### What to produce
The data below is to be set down again exactly as written.

### Supplied material

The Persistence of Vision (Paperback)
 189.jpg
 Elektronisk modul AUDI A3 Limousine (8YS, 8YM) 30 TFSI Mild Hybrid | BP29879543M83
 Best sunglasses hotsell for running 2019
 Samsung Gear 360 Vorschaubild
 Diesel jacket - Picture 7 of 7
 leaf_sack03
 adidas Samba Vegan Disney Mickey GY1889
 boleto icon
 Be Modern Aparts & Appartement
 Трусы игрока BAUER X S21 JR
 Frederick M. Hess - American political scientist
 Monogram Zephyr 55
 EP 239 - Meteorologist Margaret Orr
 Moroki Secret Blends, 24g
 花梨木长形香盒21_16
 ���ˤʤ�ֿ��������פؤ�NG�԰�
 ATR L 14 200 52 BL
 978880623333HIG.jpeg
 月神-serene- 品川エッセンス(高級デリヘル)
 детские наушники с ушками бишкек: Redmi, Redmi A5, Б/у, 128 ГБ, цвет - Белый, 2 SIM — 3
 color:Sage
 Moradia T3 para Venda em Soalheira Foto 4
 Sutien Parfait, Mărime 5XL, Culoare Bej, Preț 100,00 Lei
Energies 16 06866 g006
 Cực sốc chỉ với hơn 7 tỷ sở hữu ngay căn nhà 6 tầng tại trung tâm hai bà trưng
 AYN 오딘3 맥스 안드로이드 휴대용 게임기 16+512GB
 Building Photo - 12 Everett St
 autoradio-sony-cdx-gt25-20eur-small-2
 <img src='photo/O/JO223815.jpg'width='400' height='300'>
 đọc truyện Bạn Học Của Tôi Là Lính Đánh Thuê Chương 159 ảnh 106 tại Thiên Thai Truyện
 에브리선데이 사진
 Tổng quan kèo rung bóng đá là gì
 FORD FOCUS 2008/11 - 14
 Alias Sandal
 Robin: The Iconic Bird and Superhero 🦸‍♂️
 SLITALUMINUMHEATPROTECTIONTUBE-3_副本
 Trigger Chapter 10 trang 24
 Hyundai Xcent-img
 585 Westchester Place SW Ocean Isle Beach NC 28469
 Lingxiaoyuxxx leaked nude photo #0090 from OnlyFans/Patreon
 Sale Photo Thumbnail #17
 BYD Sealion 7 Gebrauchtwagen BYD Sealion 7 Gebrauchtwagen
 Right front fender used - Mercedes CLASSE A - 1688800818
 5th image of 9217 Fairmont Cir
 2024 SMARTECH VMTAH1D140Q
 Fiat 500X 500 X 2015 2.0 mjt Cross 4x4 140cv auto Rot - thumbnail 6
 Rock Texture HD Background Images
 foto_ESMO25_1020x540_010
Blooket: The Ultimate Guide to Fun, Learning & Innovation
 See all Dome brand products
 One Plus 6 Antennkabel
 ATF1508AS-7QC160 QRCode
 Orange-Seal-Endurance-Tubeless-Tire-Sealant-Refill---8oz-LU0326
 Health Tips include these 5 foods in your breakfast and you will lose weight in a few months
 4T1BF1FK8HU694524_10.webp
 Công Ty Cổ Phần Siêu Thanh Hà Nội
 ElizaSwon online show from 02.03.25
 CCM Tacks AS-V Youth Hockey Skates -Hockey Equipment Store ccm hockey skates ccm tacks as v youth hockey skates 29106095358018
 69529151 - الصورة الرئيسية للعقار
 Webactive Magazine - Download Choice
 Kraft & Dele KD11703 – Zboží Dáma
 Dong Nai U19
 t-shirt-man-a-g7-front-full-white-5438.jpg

### Problem solution
The Persistence of Vision (Paperback)
 189.jpg
 Elektronisk modul AUDI A3 Limousine (8YS, 8YM) 30 TFSI Mild Hybrid | BP29879543M83
 Best sunglasses hotsell for running 2019
 Samsung Gear 360 Vorschaubild
 Diesel jacket - Picture 7 of 7
 leaf_sack03
 adidas Samba Vegan Disney Mickey GY1889
 boleto icon
 Be Modern Aparts & Appartement
 Трусы игрока BAUER X S21 JR
 Frederick M. Hess - American political scientist
 Monogram Zephyr 55
 EP 239 - Meteorologist Margaret Orr
 Moroki Secret Blends, 24g
 花梨木长形香盒21_16
 ���ˤʤ�ֿ��������פؤ�NG�԰�
 ATR L 14 200 52 BL
 978880623333HIG.jpeg
 月神-serene- 品川エッセンス(高級デリヘル)
 детские наушники с ушками бишкек: Redmi, Redmi A5, Б/у, 128 ГБ, цвет - Белый, 2 SIM — 3
 color:Sage
 Moradia T3 para Venda em Soalheira Foto 4
 Sutien Parfait, Mărime 5XL, Culoare Bej, Preț 100,00 Lei
Energies 16 06866 g006
 Cực sốc chỉ với hơn 7 tỷ sở hữu ngay căn nhà 6 tầng tại trung tâm hai bà trưng
 AYN 오딘3 맥스 안드로이드 휴대용 게임기 16+512GB
 Building Photo - 12 Everett St
 autoradio-sony-cdx-gt25-20eur-small-2
 <img src='photo/O/JO223815.jpg'width='400' height='300'>
 đọc truyện Bạn Học Của Tôi Là Lính Đánh Thuê Chương 159 ảnh 106 tại Thiên Thai Truyện
 에브리선데이 사진
 Tổng quan kèo rung bóng đá là gì
 FORD FOCUS 2008/11 - 14
 Alias Sandal
 Robin: The Iconic Bird and Superhero 🦸‍♂️
 SLITALUMINUMHEATPROTECTIONTUBE-3_副本
 Trigger Chapter 10 trang 24
 Hyundai Xcent-img
 585 Westchester Place SW Ocean Isle Beach NC 28469
 Lingxiaoyuxxx leaked nude photo #0090 from OnlyFans/Patreon
 Sale Photo Thumbnail #17
 BYD Sealion 7 Gebrauchtwagen BYD Sealion 7 Gebrauchtwagen
 Right front fender used - Mercedes CLASSE A - 1688800818
 5th image of 9217 Fairmont Cir
 2024 SMARTECH VMTAH1D140Q
 Fiat 500X 500 X 2015 2.0 mjt Cross 4x4 140cv auto Rot - thumbnail 6
 Rock Texture HD Background Images
 foto_ESMO25_1020x540_010
Blooket: The Ultimate Guide to Fun, Learning & Innovation
 See all Dome brand products
 One Plus 6 Antennkabel
 ATF1508AS-7QC160 QRCode
 Orange-Seal-Endurance-Tubeless-Tire-Sealant-Refill---8oz-LU0326
 Health Tips include these 5 foods in your breakfast and you will lose weight in a few months
 4T1BF1FK8HU694524_10.webp
 Công Ty Cổ Phần Siêu Thanh Hà Nội
 ElizaSwon online show from 02.03.25
 CCM Tacks AS-V Youth Hockey Skates -Hockey Equipment Store ccm hockey skates ccm tacks as v youth hockey skates 29106095358018
 69529151 - الصورة الرئيسية للعقار
 Webactive Magazine - Download Choice
 Kraft & Dele KD11703 – Zboží Dáma
 Dong Nai U19
 t-shirt-man-a-g7-front-full-white-5438.jpg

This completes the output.